[FG:InPlacePodVerticalScaling] Performance degradation in latency-sensitive services due to CPU affinity loss upon guaranteed QoS Pod scaling down #131309

Chunxia202410 · 2025-04-15T13:23:34Z

What happened?

For the latency-sensitive service in guaranteed QoS Pod, each worker has core affinity with a CPU.
When the workload decreases, some workers are removed, and the worker's affinity CPUs becoming idle.
When the Pod scaling down, these idle CPUs were excepted to be removed.
If the busy CPUs which run the busy worker are removed, the performance will be decreased for latency-sensitive services.
For example:
At the begin, there are 2 CPUs (CPU 1 anf CPU 11) are allocated to the Pod when Pod creation.
When the workload increases, Pod scale up, and 4 additional CPUs (CPU 2,12,3,13) are allocated to the Pod, add another 4 workers and set core affinity to each CPU.

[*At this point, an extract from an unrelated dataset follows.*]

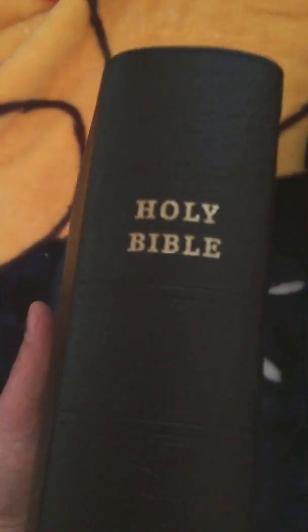And there it is. The spine once more. There's the gilding.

When the workload decreases, remove worker 4 and worker 5, CPU 3 and CPU 13 are idle,
Ideal case:
When Pod scale down, idle CPU 3 and CPU 13 are excepted to be removed. the workers not be affected.

Non-ideal case:
When Pod scale down, busy CPU 2 and CPU 12 are removed. the worker2 and worker3 will be affected because of CPU migration due to CPU affinity loss.

What did you expect to happen?

When Pod scale down, idle CPU 3 and CPU 13 are removed, and busy CPUs are not removed.

So, we need some method or option to let container tell kubelet which CPU should be keep.

How can we reproduce it (as minimally and precisely as possible)?

Test based on #129719

Anything else we need to know?

No response

Kubernetes version

$ kubectl version
Client Version: v1.32.0
Kustomize Version: v5.5.0
Server Version: v0.0.0-master+da732990954ed92779d8fe396ab9e217f038d115

Cloud provider

Self-host

OS version

# On Linux:
$ cat /etc/os-release
# paste output here
$ uname -a
6.5.0-41-generic #41~22.04.2-Ubuntu SMP PREEMPT_DYNAMIC Mon Jun  3 11:32:55 UTC 2 x86_64 x86_64 x86_64 GNU/Linux

# On Windows:
C:\> wmic os get Caption, Version, BuildNumber, OSArchitecture
# paste output here

Install tools

Container runtime (CRI) and version (if applicable)

Related plugins (CNI, CSI, ...) and versions (if applicable)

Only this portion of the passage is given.